Monday, December 7, 2015

Shuttin' Her Down ...Oops

For those of you who missed the excitement, or worse, for those of you who didn't but had no idea what was going on, it was all my fault. I freely confess: mea culpa, mea culpa, mea maxima culpa.

I shut down the whole rec center.  Just me. The whole thing. Everybody had to leave.

It started out with perfectly good intentions.

Honest.

No, really.

Joining the lapidary club comes with obligations as well as the privileges of instructional classes, use of expensive equipment,  and being able to display/sell your creations in the sales shop. You need to pay your dues and class fees, of course. And you need to volunteer a few hours to the club each month.

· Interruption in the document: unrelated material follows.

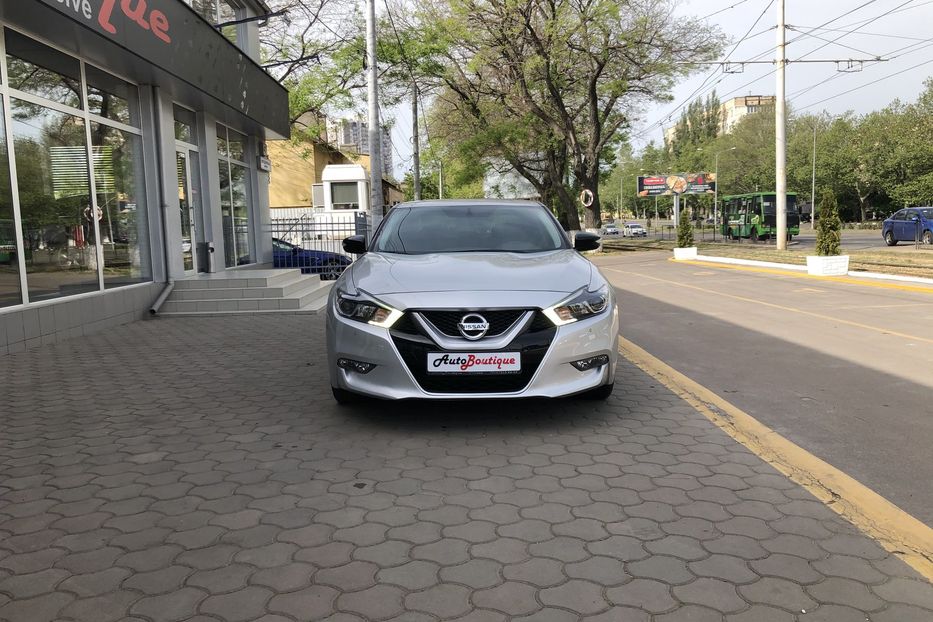 Продам Nissan Maxima 2019 года в Одессе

For me, that's been a bit of a problem. I could sell other folk's jewelry, but with the scooter I'd be a very unruly bull in the china shop. Same for the parts sales room for the members. I could be a room monitor, but I need silversmithing class (mucho $$$) to understand some of the equipment in order to properly either turn it on or shut it safely off. So finding my niche has been a challenge. I've still been taking classes and using the equipment, but cannot sell anything through the club. There is a definite incentive, besides personal pride, to figure out how I fit in.

Ideas have been proposed. Last year things were going missing, and it was suggested I could review our in-shop security tapes to pinpoint a culprit... or more. But that activity stopped and I wasn't needed. Our outgoing president thought I might be able to take just the equipment/safety portion of the silver class - free - in order to be able to be a monitor, but others shot that idea down. I'd need the whole thing at the full fee. The hunt continued.

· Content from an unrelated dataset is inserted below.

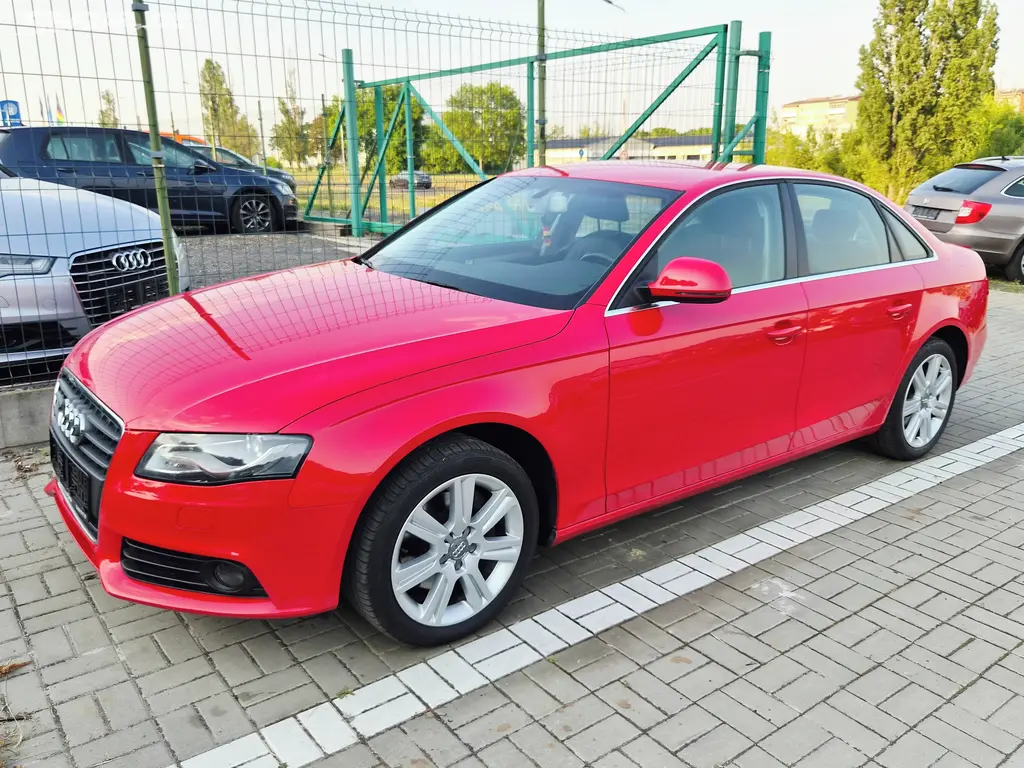 Audi A4, 2.0 i - 140000 KM - fotka 2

Then last week Donna offered a solution: I could clean. Understand, everybody is supposed to clean the equipment they've just finished using. Apparently most of them skipped that part of their classes. I've always tried to be the good Girl Scout and leave it better than I found it- not a difficult thing to do. Most of the cleaning happens at my reachable heights, or does when it happens. So yes, I can do that!

This morning I showed up all gung ho to get going. I had a few stones which needed their final polish with Zam, something I was unable to do last week because lack of a monitor forced closure of the shop just before I got to that point in my process. But that only took a few minutes. I still couldn't use the slabbing saw on a fat rock since it was "red-tagged" for needing repairs. Still. After at least three weeks. But that left me between projects with plenty of time to share with the club, cleaning.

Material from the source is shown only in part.